> Assigned task
In the material below, find the span from the line with "FFX-2 Creature Creator" to the line with "低息配资炒股网 王祉怡胜因达农入决赛，对手境界更胜一筹" and transcribe only those lines, exactly, ends included, without the pictures.

> Available records
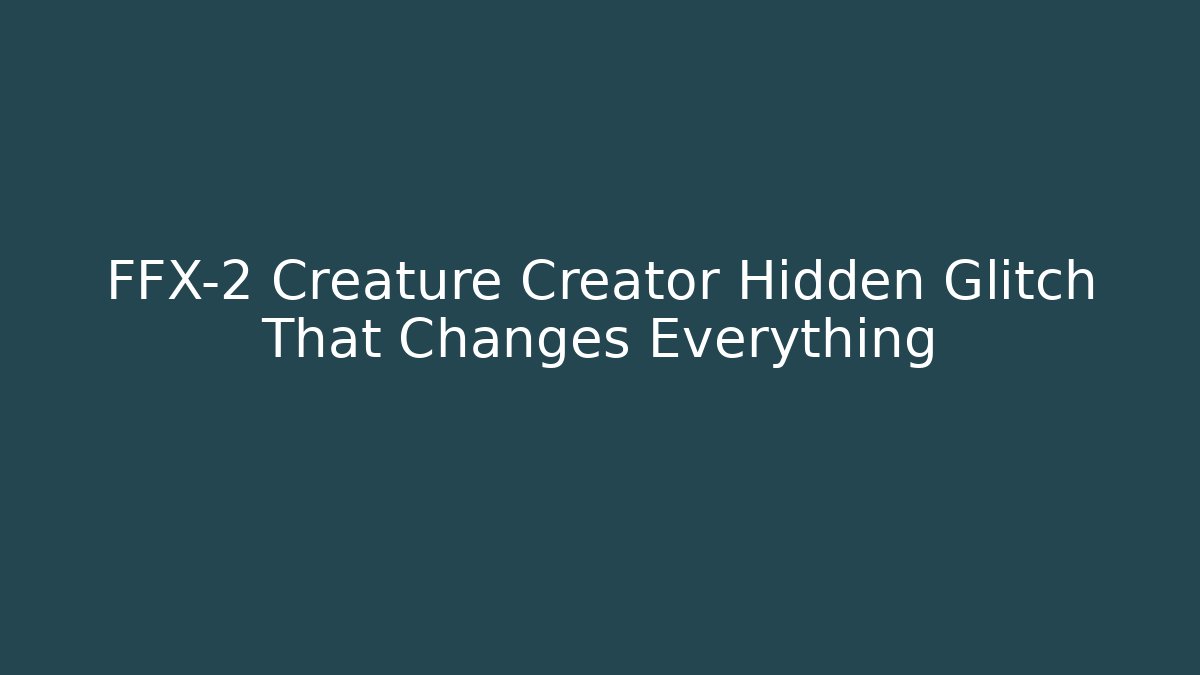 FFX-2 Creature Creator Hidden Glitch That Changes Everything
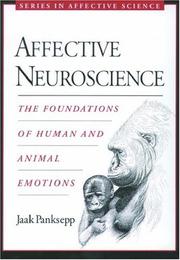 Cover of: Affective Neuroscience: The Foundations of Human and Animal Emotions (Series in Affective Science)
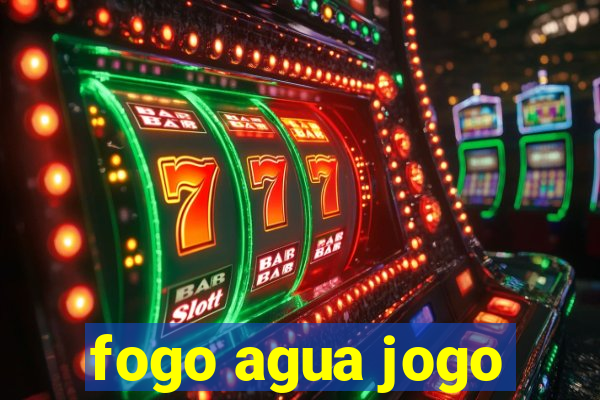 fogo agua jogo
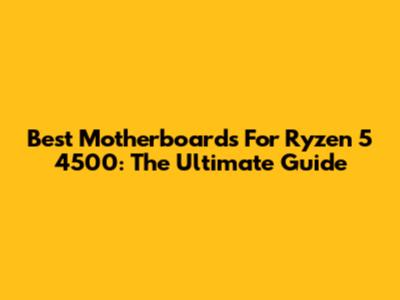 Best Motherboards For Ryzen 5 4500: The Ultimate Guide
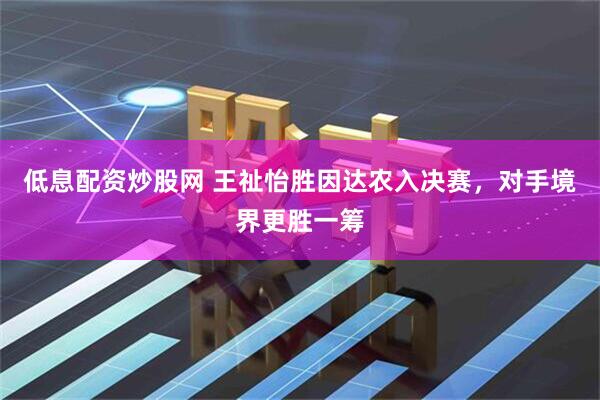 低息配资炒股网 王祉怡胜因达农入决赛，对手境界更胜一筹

--

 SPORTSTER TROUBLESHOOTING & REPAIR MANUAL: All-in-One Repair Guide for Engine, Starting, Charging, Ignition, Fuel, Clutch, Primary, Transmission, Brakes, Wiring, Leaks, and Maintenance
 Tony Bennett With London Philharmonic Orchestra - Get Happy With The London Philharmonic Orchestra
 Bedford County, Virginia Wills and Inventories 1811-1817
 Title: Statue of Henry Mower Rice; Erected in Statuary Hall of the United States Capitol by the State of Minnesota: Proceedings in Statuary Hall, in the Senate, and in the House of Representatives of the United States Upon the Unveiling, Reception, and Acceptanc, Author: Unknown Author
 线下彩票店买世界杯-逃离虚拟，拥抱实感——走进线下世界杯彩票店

> Task output
 FFX-2 Creature Creator Hidden Glitch That Changes Everything
 Cover of: Affective Neuroscience: The Foundations of Human and Animal Emotions (Series in Affective Science)
 fogo agua jogo
 Best Motherboards For Ryzen 5 4500: The Ultimate Guide
 低息配资炒股网 王祉怡胜因达农入决赛，对手境界更胜一筹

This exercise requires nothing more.